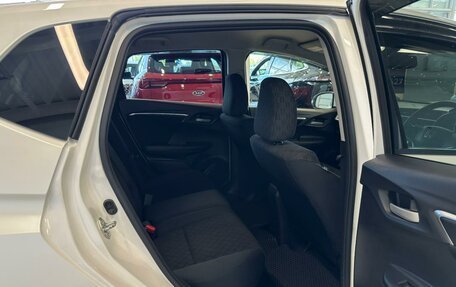Honda Fit III, 2013 год, 1 099 000 рублей, 18 фотография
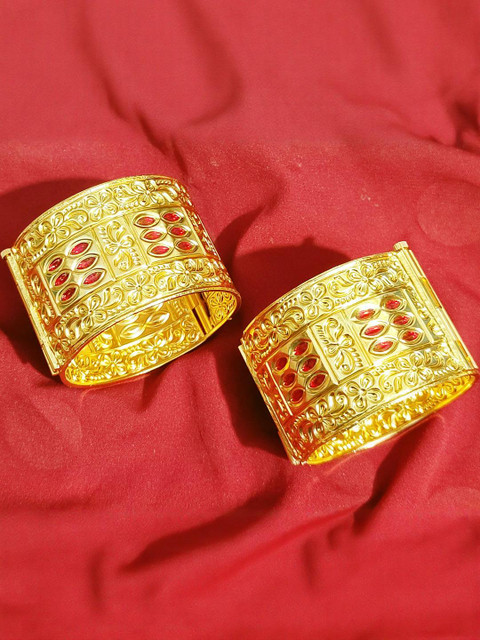 Balaji Gold Women Set of 2 Gold Assamese Traditional Bangle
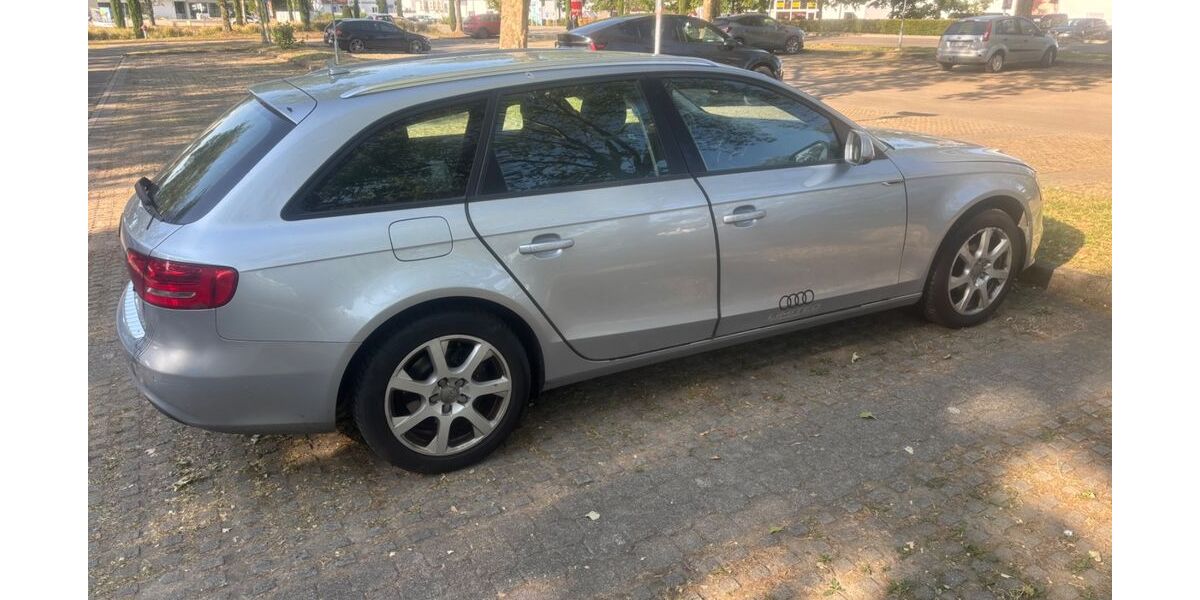 Audi A4 178.000 km 10.500 &euro; Bad Bellingen 79415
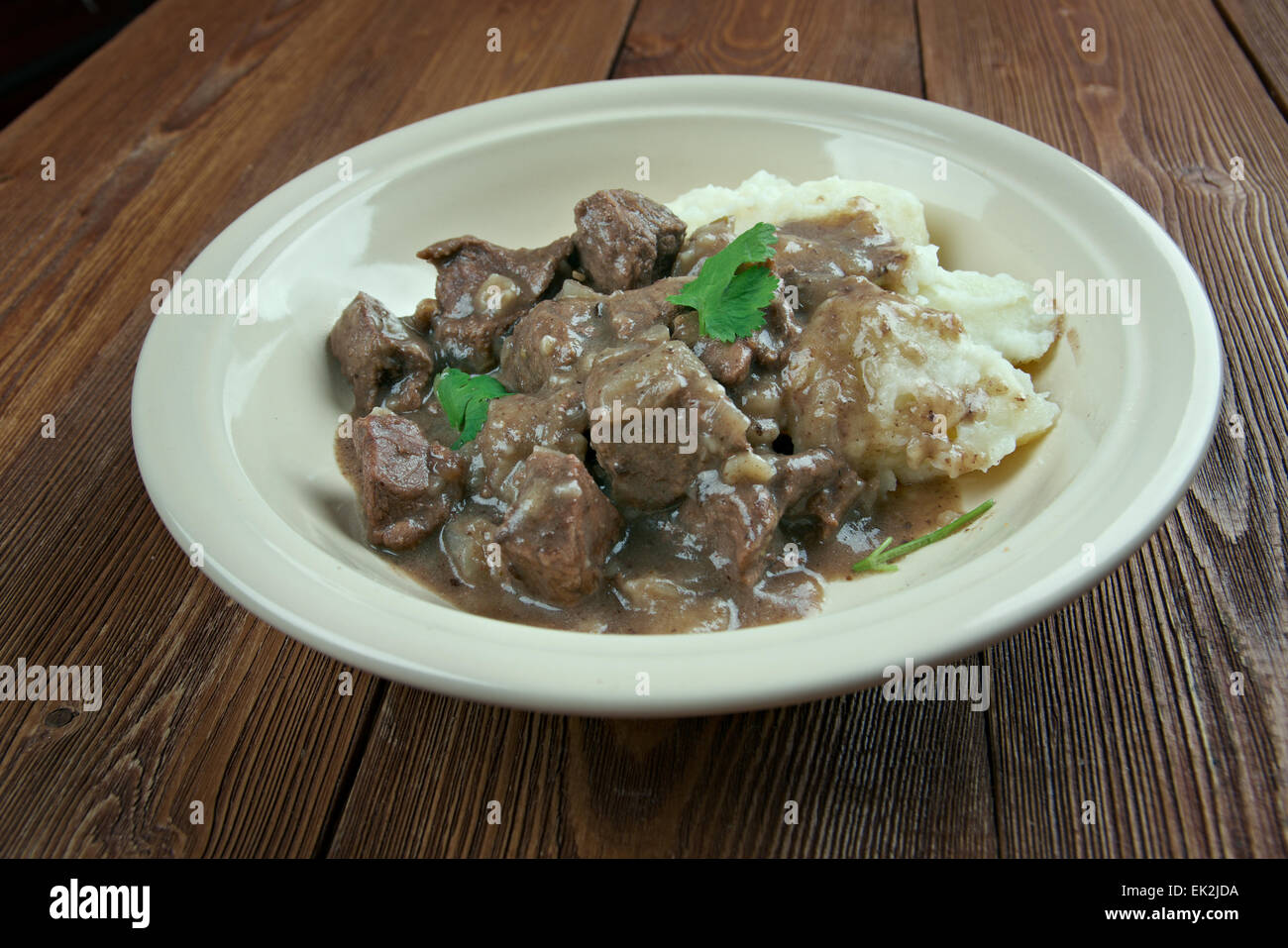 - Boeuf Hachee néerlandais et oignon ragoût. ragoût traditionnel néerlandais basé sur les dés de viande, volaille ou de poisson, et des légumes. Banque D'Images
+===+
All that is needed is the data above, repeated exactly, without the pictures.

Honda Fit III, 2013 год, 1 099 000 рублей, 18 фотография
 Balaji Gold Women Set of 2 Gold Assamese Traditional Bangle
 Audi A4 178.000 km 10.500 &euro; Bad Bellingen 79415
 - Boeuf Hachee néerlandais et oignon ragoût. ragoût traditionnel néerlandais basé sur les dés de viande, volaille ou de poisson, et des légumes. Banque D'Images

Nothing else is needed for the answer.